### DATA SUPPLIED
--------------------------------
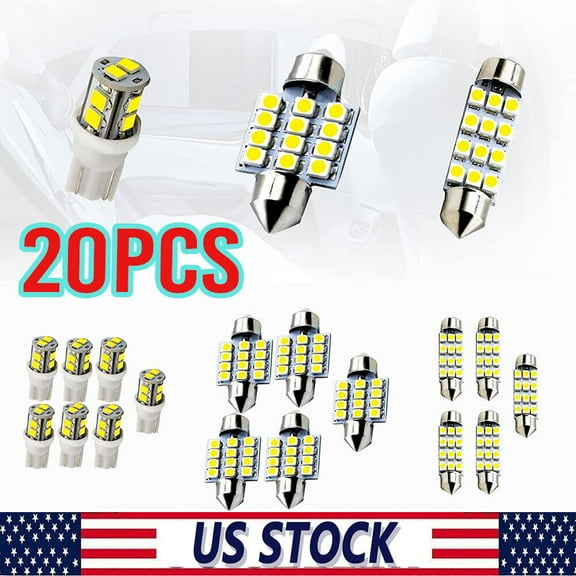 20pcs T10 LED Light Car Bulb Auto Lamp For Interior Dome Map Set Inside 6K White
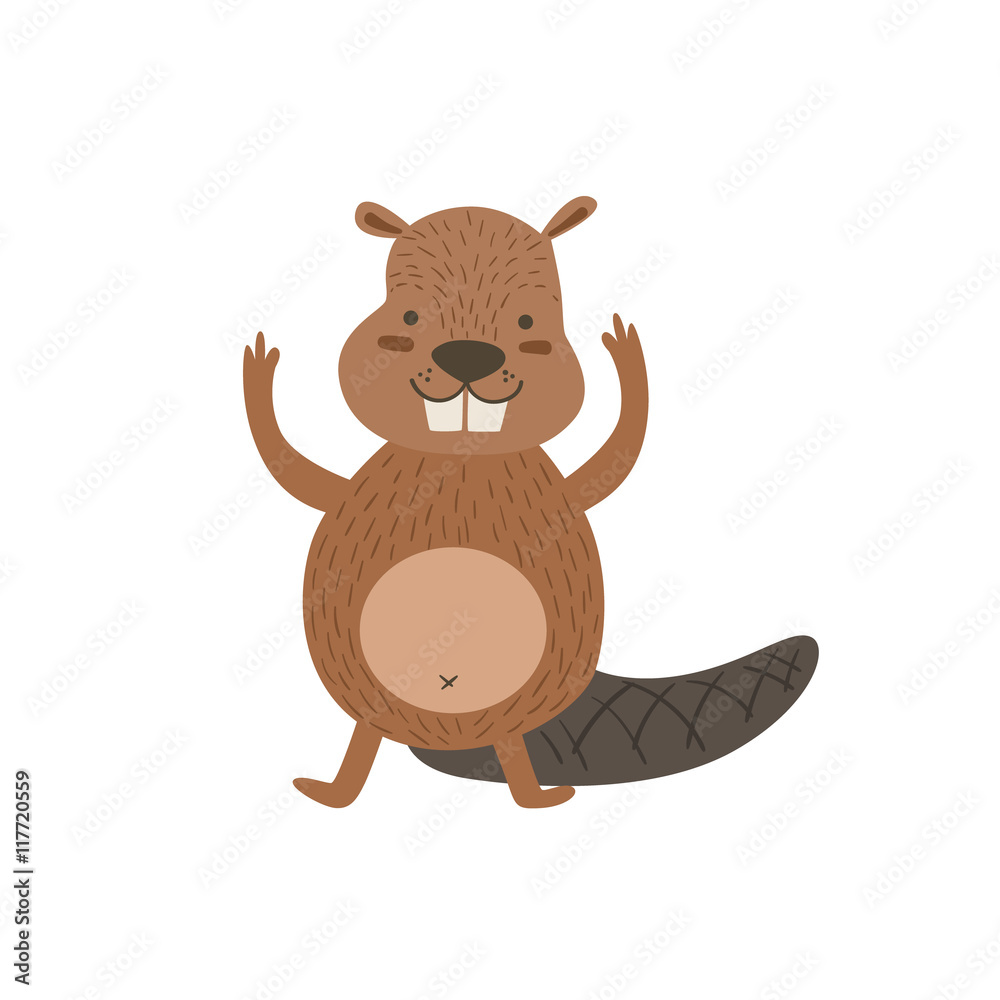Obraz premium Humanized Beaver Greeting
--------------------------------
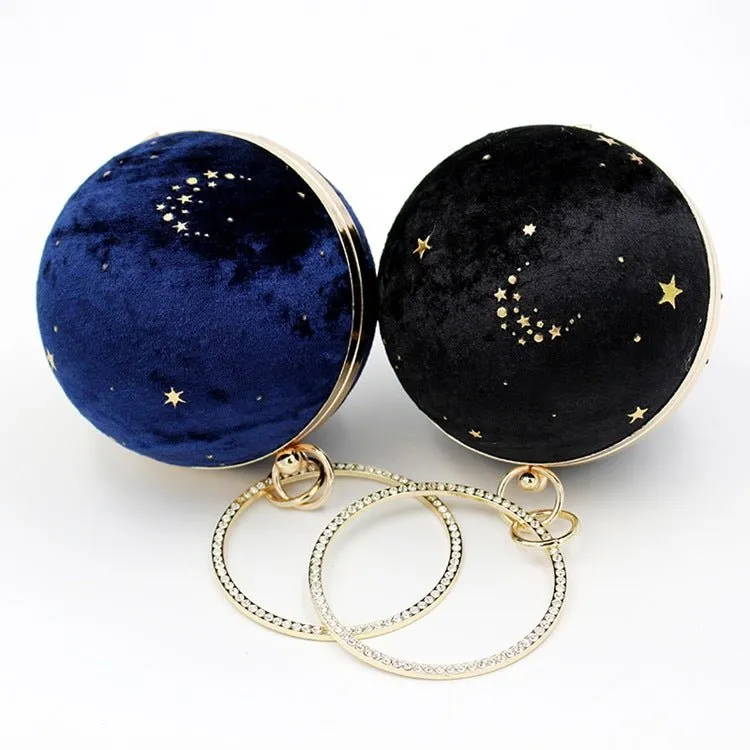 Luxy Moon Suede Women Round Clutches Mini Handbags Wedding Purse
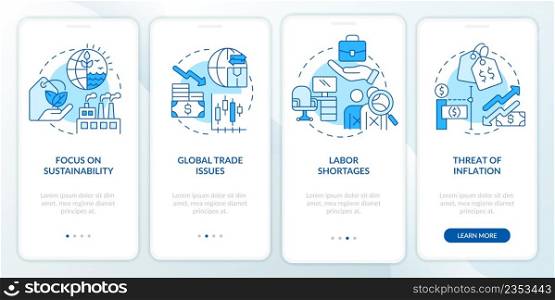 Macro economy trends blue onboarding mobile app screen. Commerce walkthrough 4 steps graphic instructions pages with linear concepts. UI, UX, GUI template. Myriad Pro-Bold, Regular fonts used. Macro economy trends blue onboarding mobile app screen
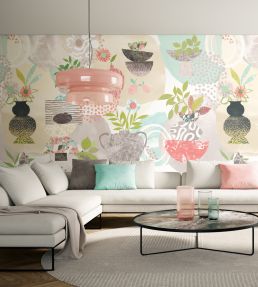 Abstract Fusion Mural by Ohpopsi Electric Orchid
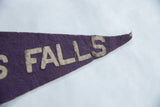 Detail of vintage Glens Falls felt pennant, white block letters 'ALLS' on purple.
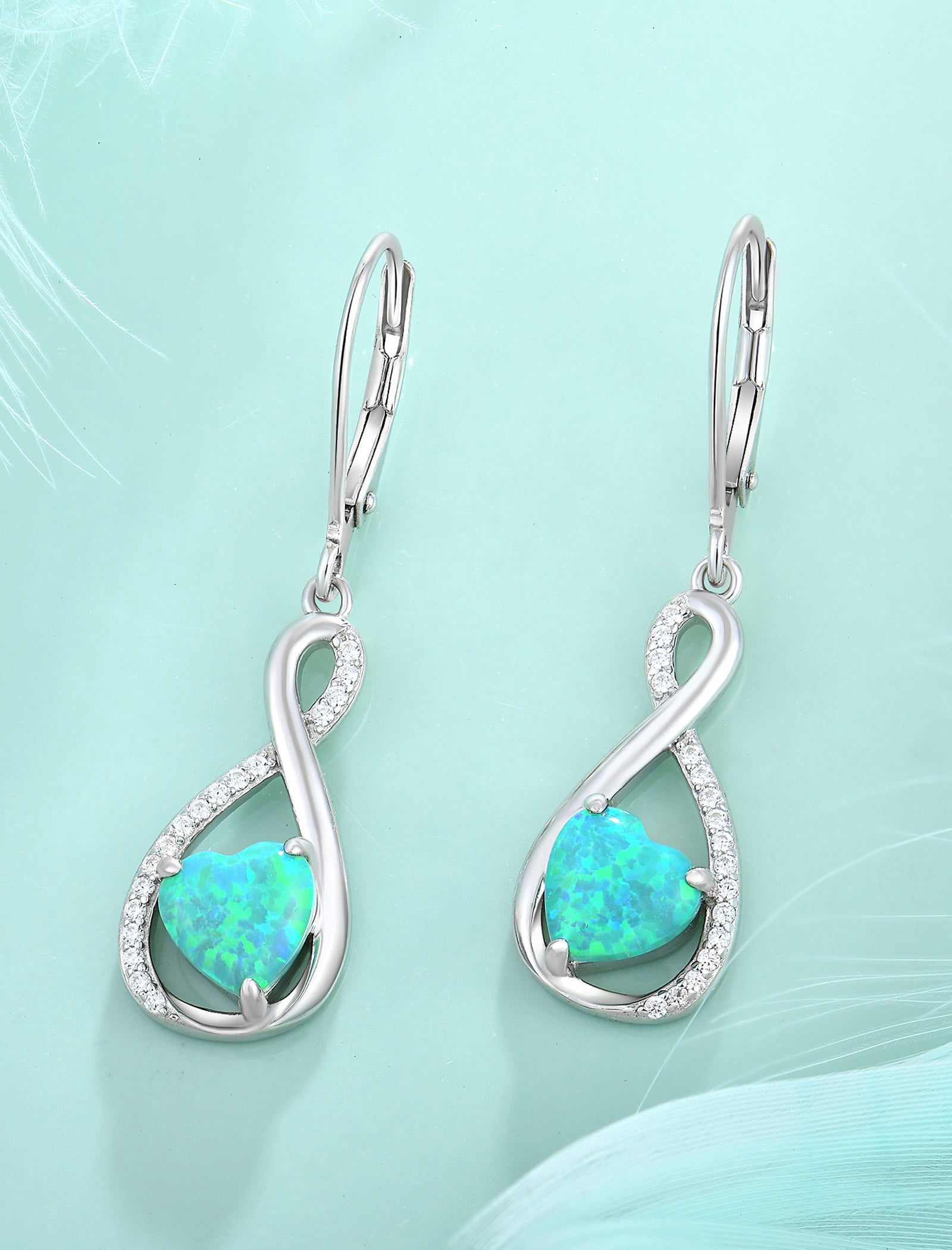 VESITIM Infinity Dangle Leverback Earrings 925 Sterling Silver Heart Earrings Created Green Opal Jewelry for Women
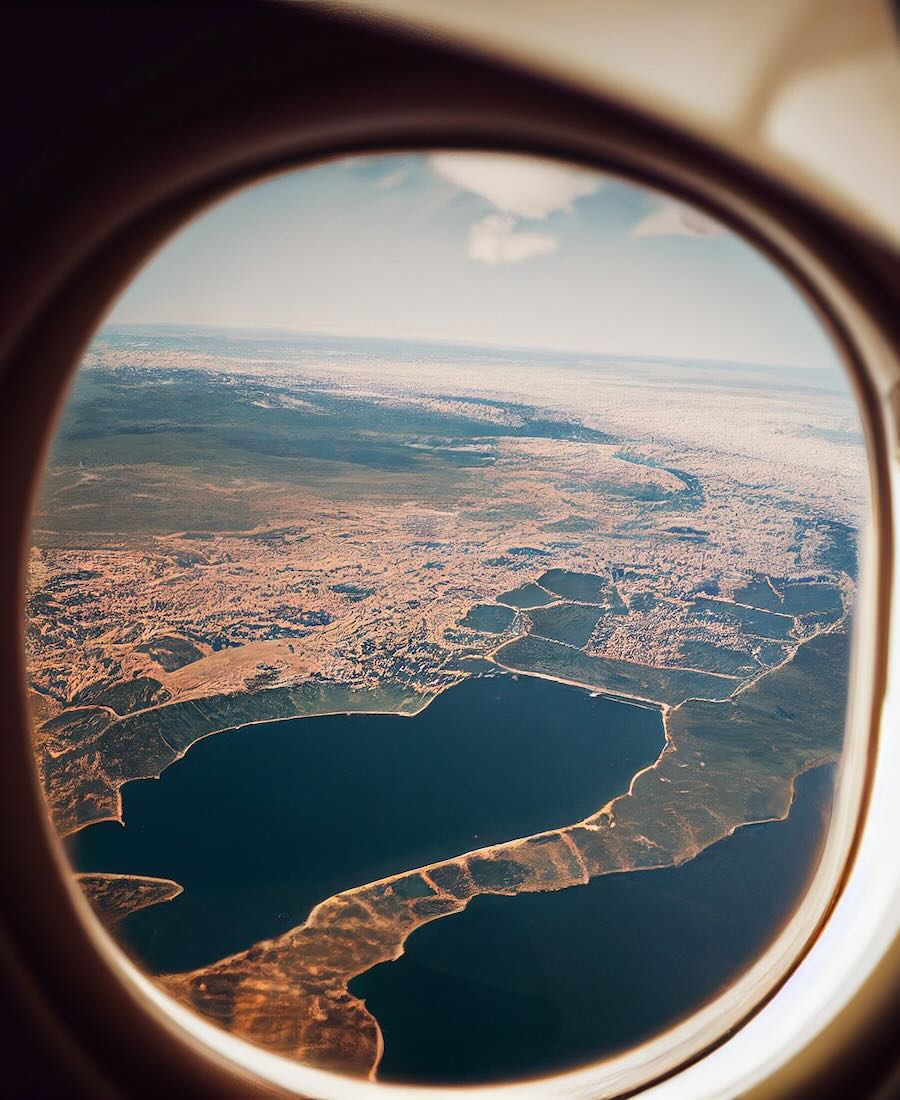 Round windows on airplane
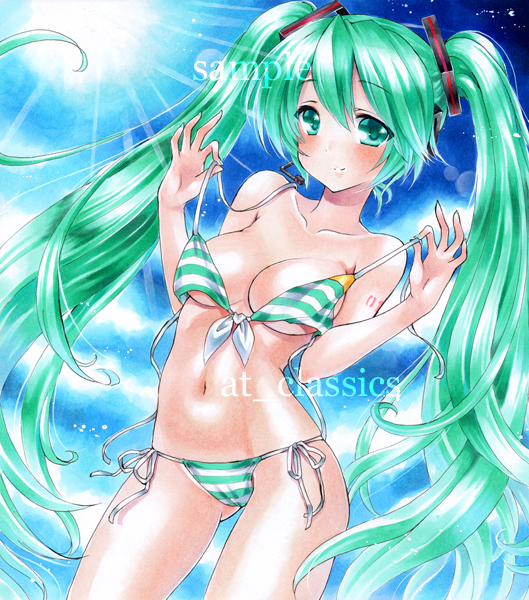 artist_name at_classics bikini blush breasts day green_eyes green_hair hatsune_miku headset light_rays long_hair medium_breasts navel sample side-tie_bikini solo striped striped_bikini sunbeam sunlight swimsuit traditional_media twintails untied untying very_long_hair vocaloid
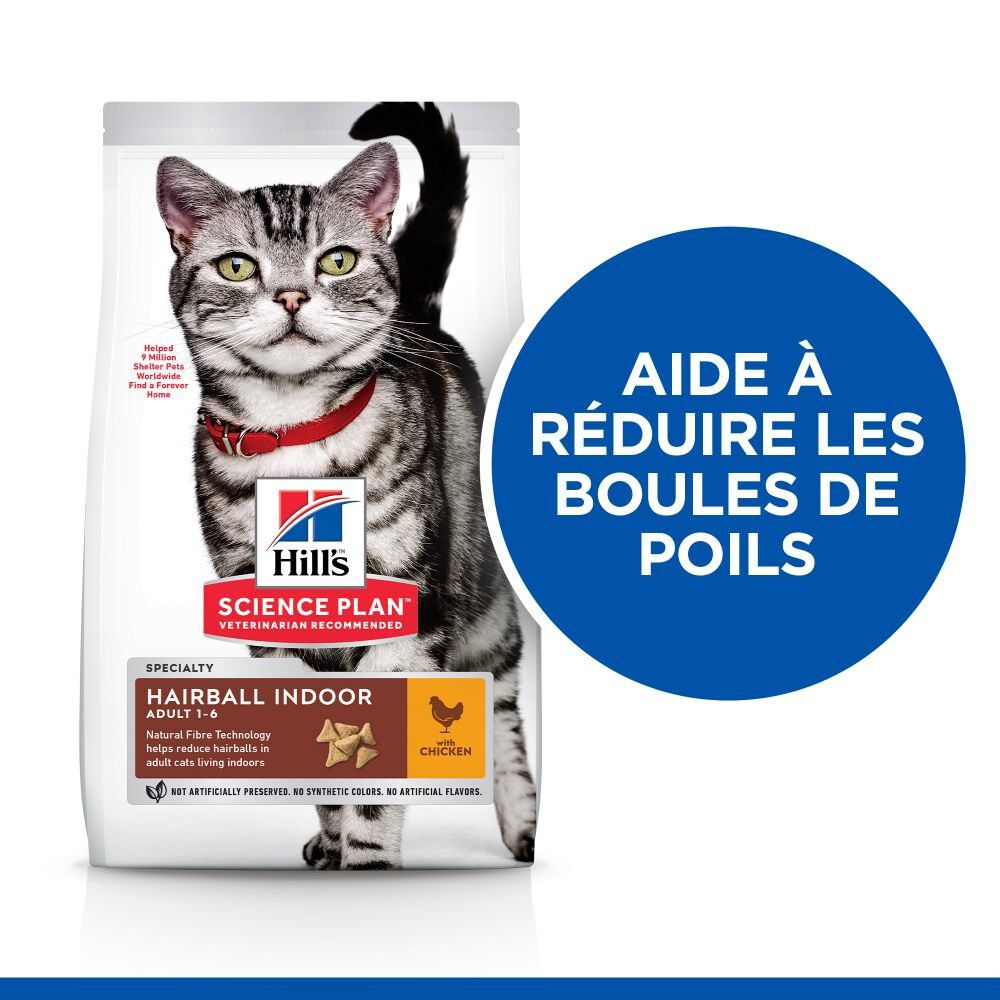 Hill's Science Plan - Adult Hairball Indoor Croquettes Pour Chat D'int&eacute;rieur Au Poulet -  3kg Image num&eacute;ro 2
--------------------------------
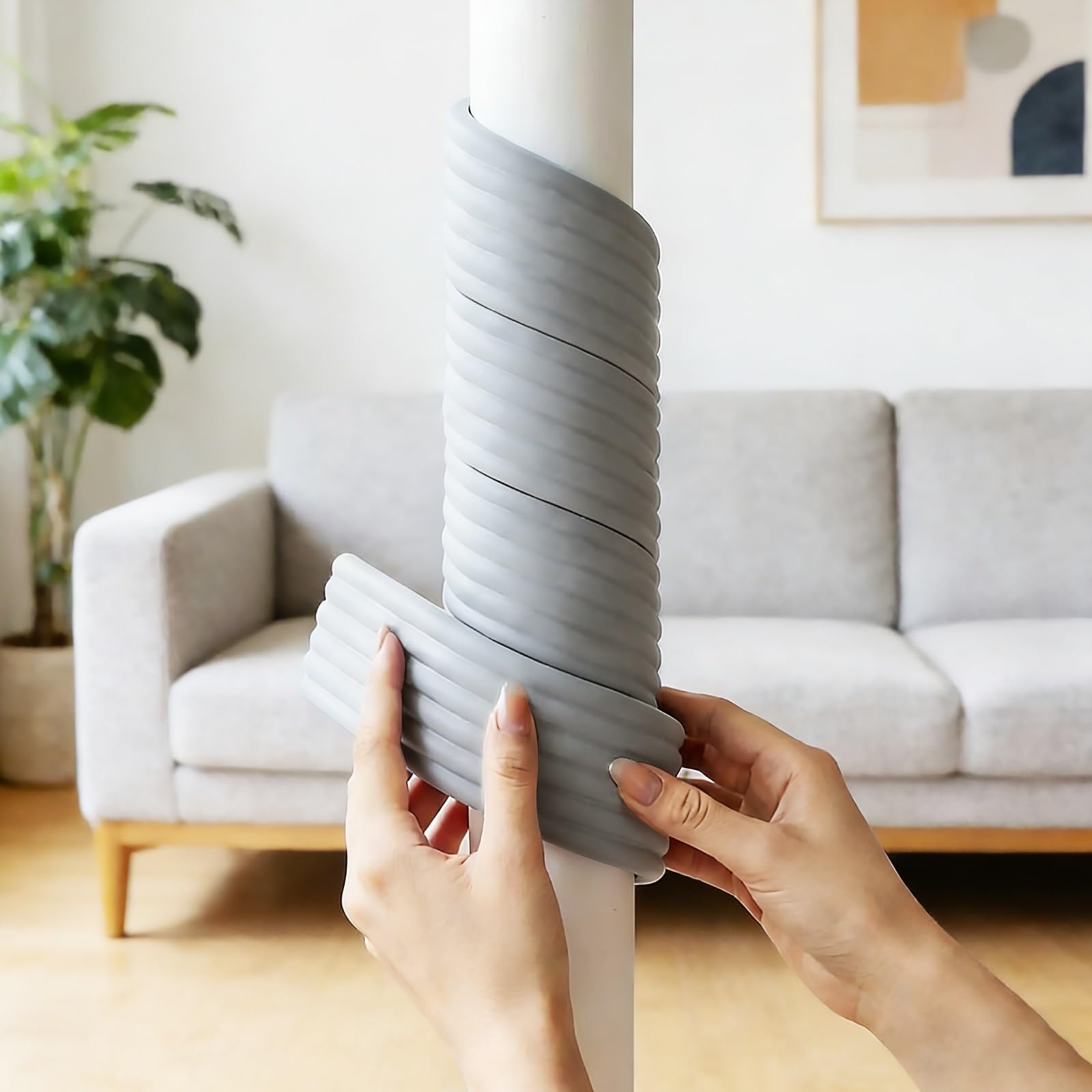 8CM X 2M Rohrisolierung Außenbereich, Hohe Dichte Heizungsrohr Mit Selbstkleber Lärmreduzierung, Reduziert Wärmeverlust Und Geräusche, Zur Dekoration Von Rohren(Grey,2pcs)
--------------------------------
Within the listing above, the lines starting at the one containing "20pcs T10 LED" and ending at the one containing "Obraz premium Humanized Beaver Greeting" are to be returned exactly. Omit the pictures.

 20pcs T10 LED Light Car Bulb Auto Lamp For Interior Dome Map Set Inside 6K White
Obraz premium Humanized Beaver Greeting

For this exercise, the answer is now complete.